JAKARTA, KOMPAS.com - Ketua Tim Pembela Prabowo-Gibran, Yusril Ihza Mahendra, menyebut bahwa keterangan Franz Magnis Suseno yang dihadirkan kubu Ganjar-Mahfud dalam sidang sengketa Pilpres 2024 bernada judgemental atau menghakimi.
"Sangat disayangkan ada beberapa judgement (bahwa) presiden melanggar ini, melanggar ini, kejahatan, yang saya kira tidak dalam posisi seperti itu seorang saksi dihadirkan," ucap Yusril kepada wartawan, Selasa (2/4/2024).
Yusril mengaku mempunyai ekspektasi bahwa pria yang sering disapa Romo Magnis itu bakal melontarkan pendapat-pendapat yang bersifat filosofis dan akademis.
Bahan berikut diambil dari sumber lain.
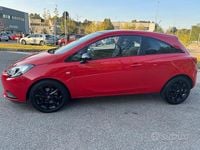 Usata Opel Corsa Cosmo 75 CV (55 kW) 2015 Rosso Coupé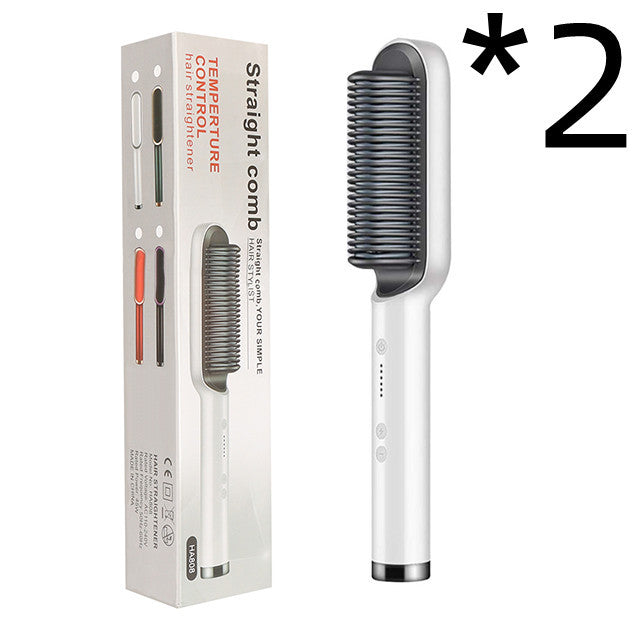 Sheluxe 2 in 1 Hair Straightener and Curler with Heat Protection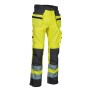 COFRA Pantalone da lavoro (Riflettente) GIALLO VIVO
Baca juga: Tanggapi Romo Magnis, Hotman Paris: Presiden Tak Pernah Bagikan Bansos di Luar Data
"Kita menghormati beliau sebagai filsuf dan sekaligus beliau adalah seorang pastur Katolik yang memberikan suatu pendapat yang sebenarnya normatif dan filosofis sebenarnya. Itu yang kita harapkan sebenarnya," jelas dia.
"Tapi, semuanya kami serahkan kepada majelis hakim," tambah Yusril.
Ia juga menyoroti bahwa pendapat dosennya ketika menempuh studi filsafat di Fakultas Sastra Universitas Indonesia (UI) tidak tepat ketika membahas soal etika di balik pencalonan Gibran Rakabuming Raka.
Pencalonan Gibran terbuka pintunya ketika MK, saat itu masih dipimpin paman Gibran, Anwar Usman, menerbitkan Putusan Nomor 90/PUU-XXI/2023 yang melonggarkan syarat usia minimum capres-cawapres.
Baca juga: Di Sidang MK, Romo Magnis Sebut Presiden Langgar Etik Berat jika Kerahkan Aparat Menangkan Capres
Yusril mengakui bahwa putusan itu memang bermasalah secara etika.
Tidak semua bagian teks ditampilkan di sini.